What to do ▸
Copy nothing but the lines below, from the one with "Mercedes-Benz CLA 180" through the one with "Ford Expedition EL 4WD 4dr Limited 2012", exactly as written; no pictures should appear.

Listed entries ▸
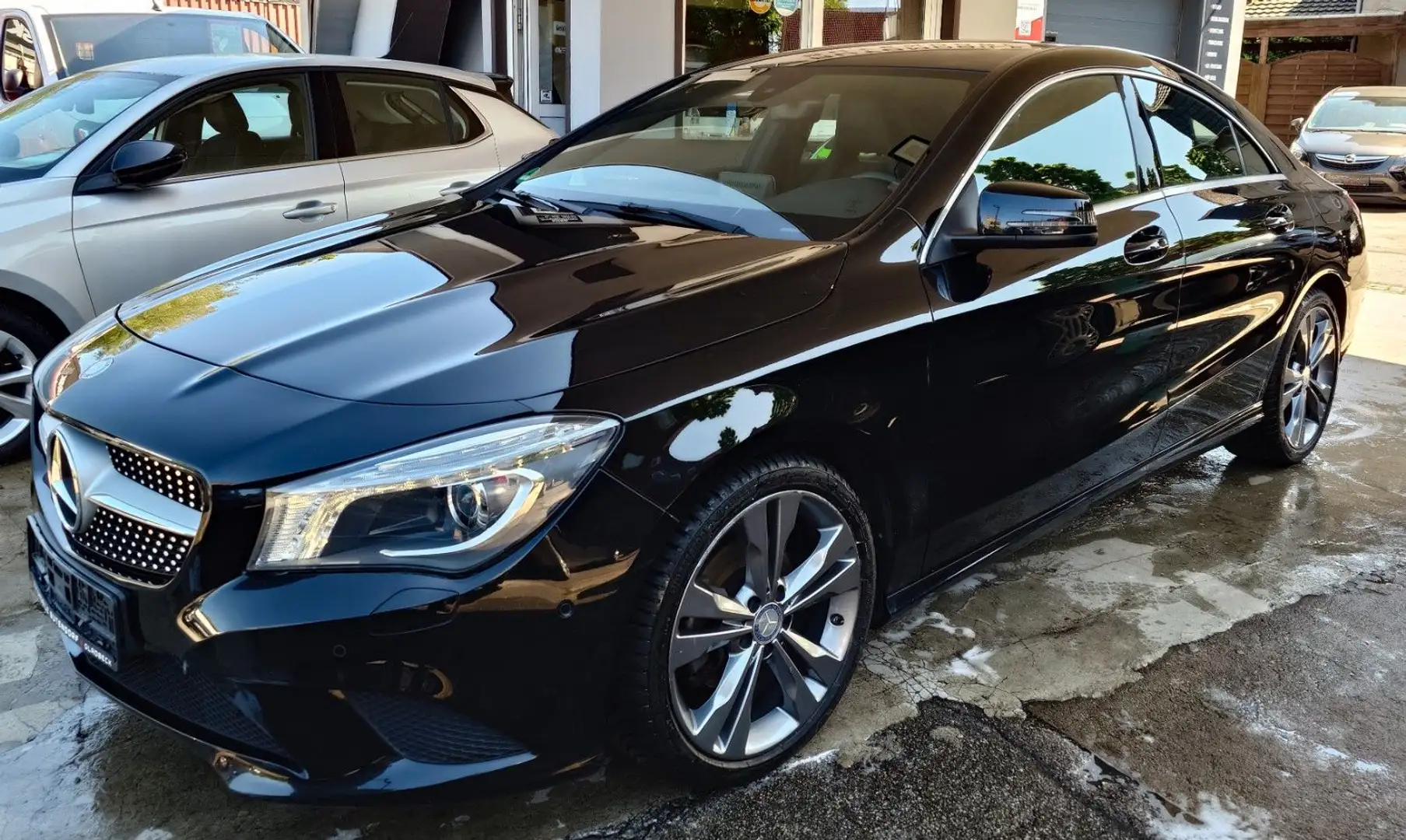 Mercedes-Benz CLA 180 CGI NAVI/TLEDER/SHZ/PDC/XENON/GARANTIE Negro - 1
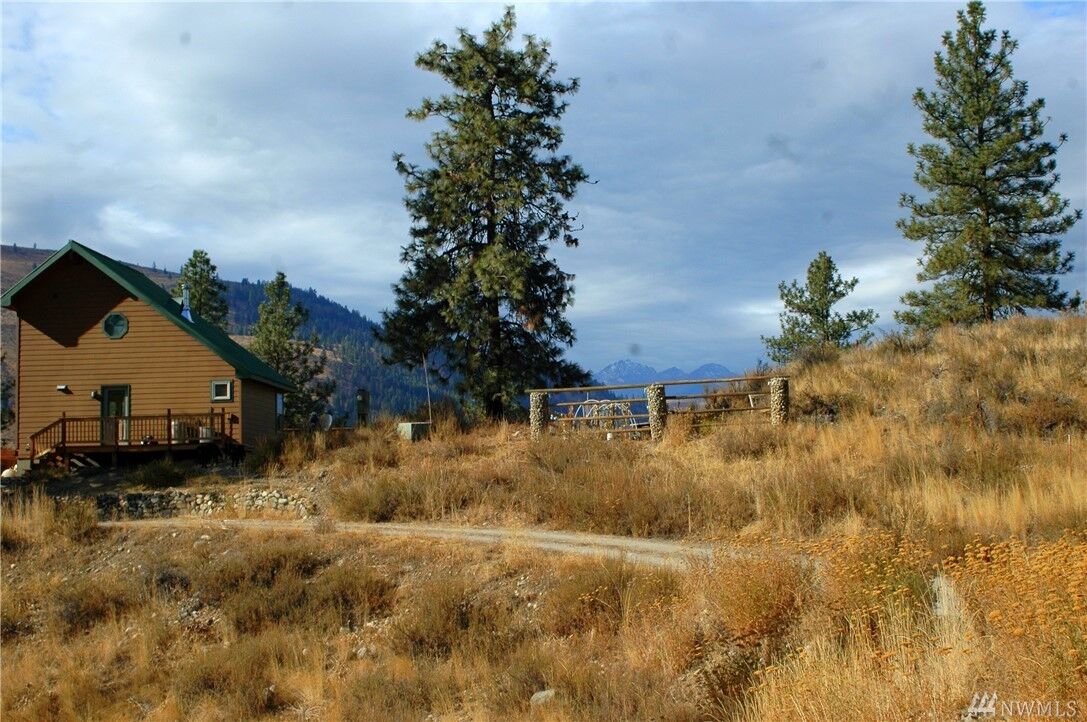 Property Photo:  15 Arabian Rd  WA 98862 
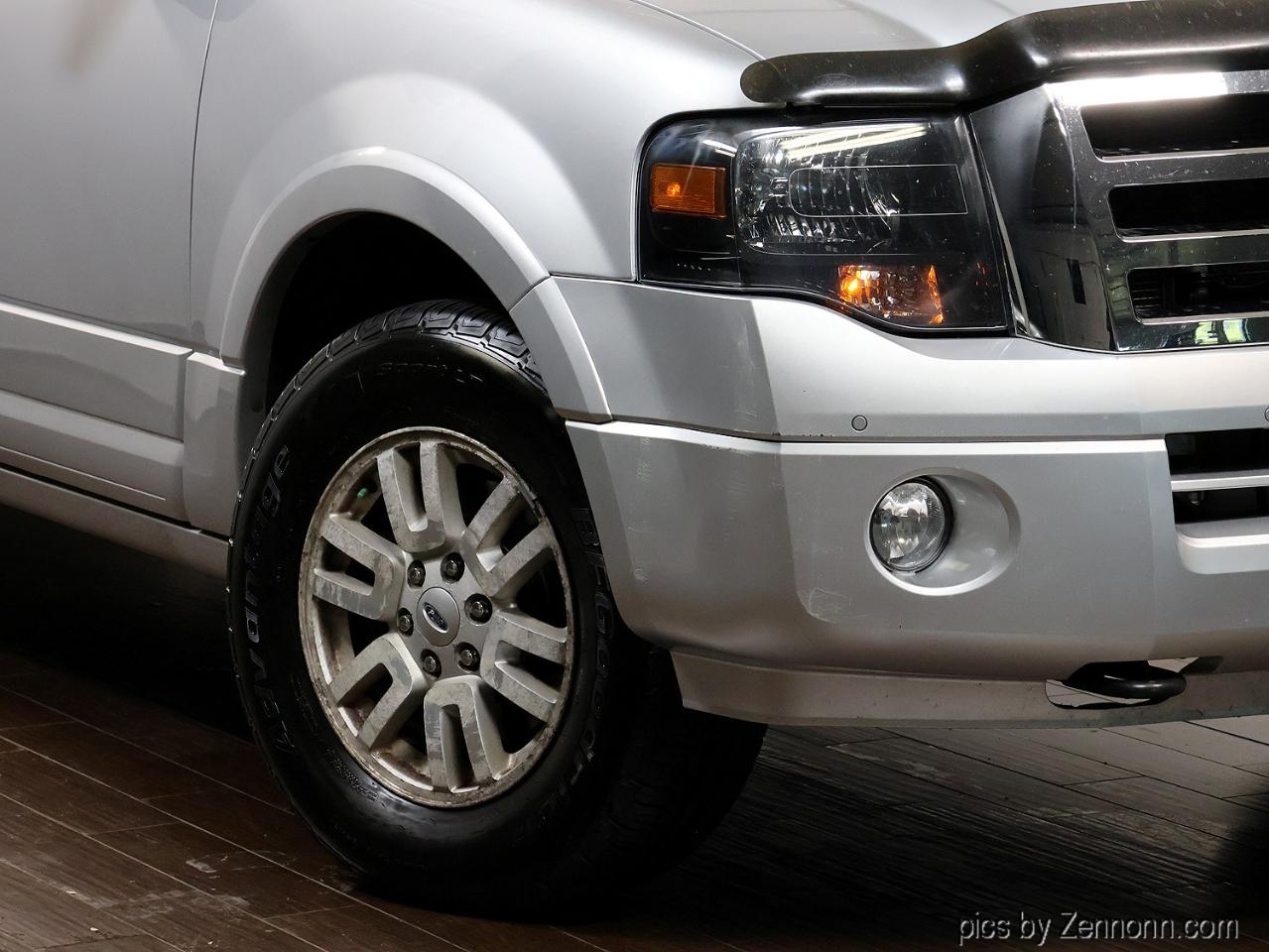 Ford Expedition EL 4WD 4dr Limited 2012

...

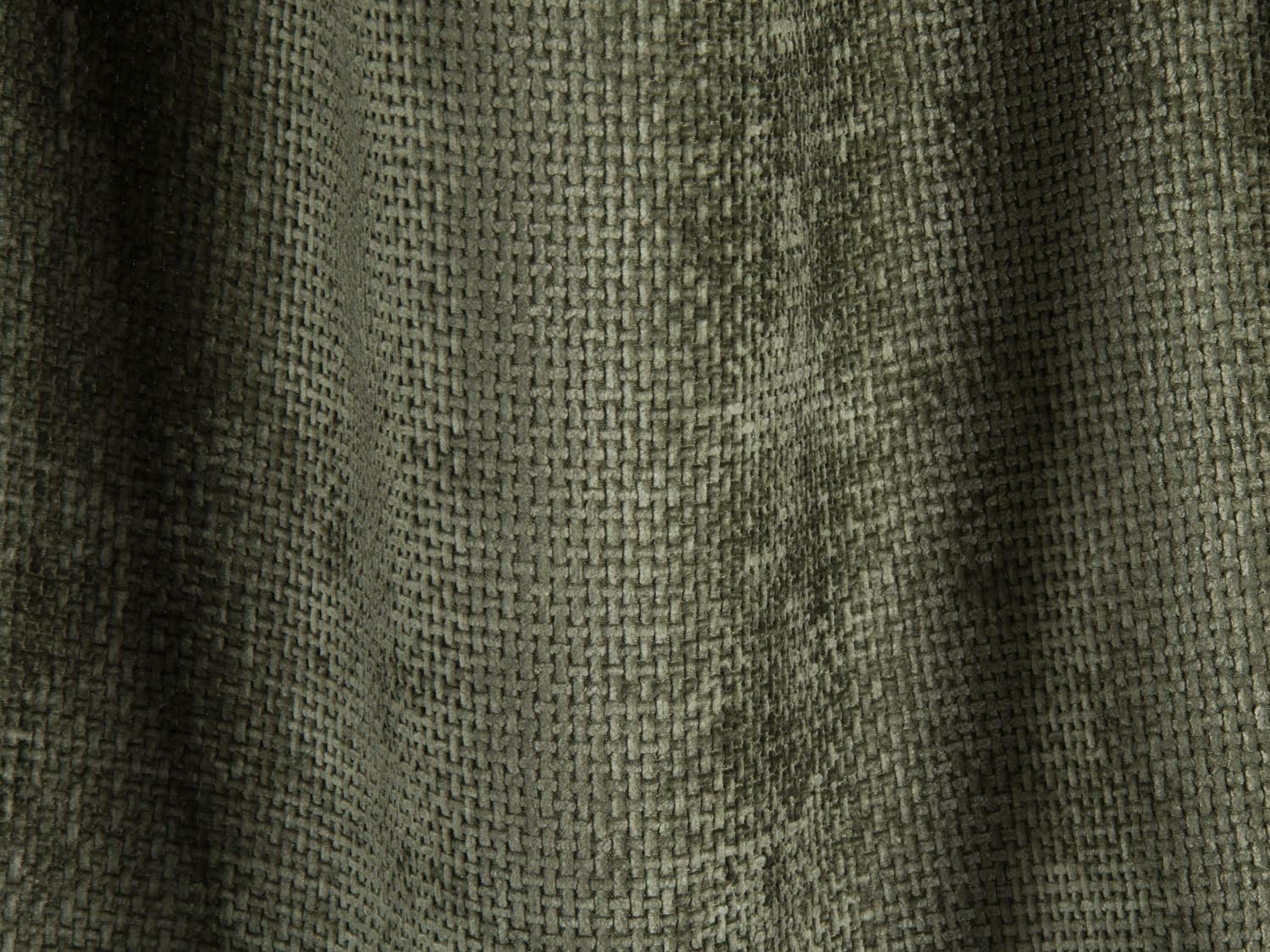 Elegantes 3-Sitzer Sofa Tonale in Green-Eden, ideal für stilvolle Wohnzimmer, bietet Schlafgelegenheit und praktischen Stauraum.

--

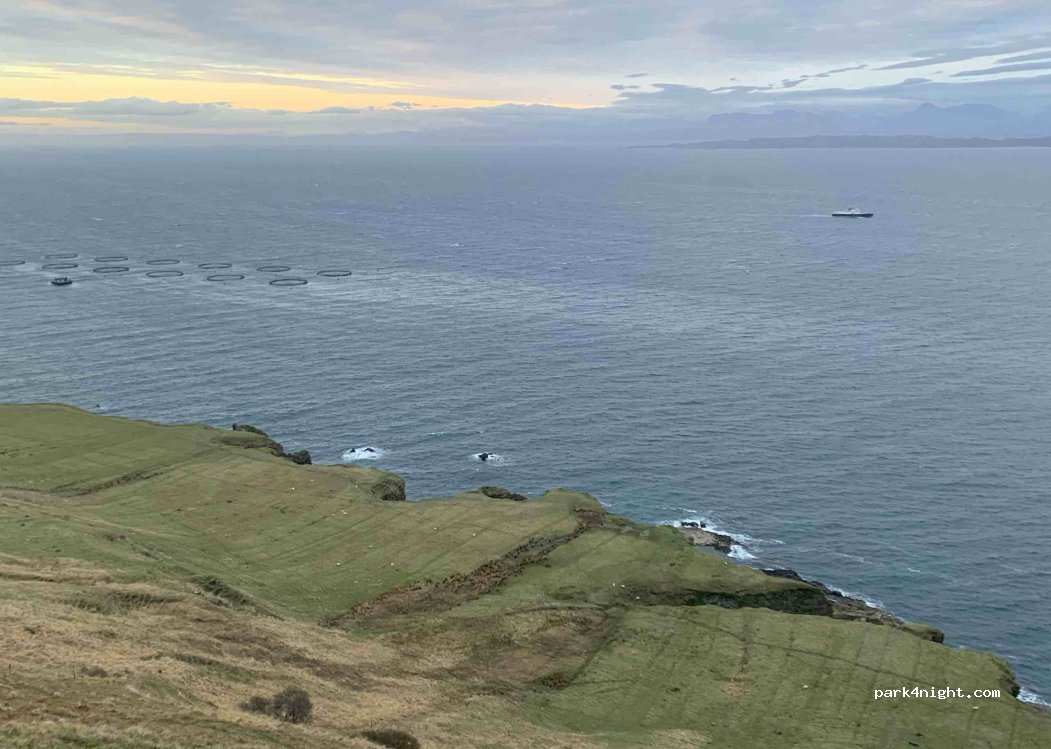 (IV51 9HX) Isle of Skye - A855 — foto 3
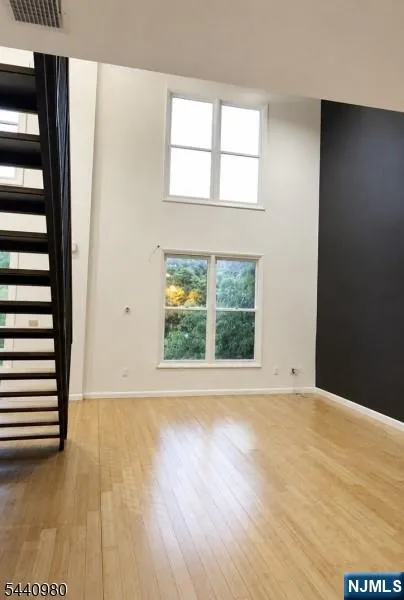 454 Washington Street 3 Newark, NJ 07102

Completed exercise ▸
 Mercedes-Benz CLA 180 CGI NAVI/TLEDER/SHZ/PDC/XENON/GARANTIE Negro - 1
 Property Photo:  15 Arabian Rd  WA 98862 
 Ford Expedition EL 4WD 4dr Limited 2012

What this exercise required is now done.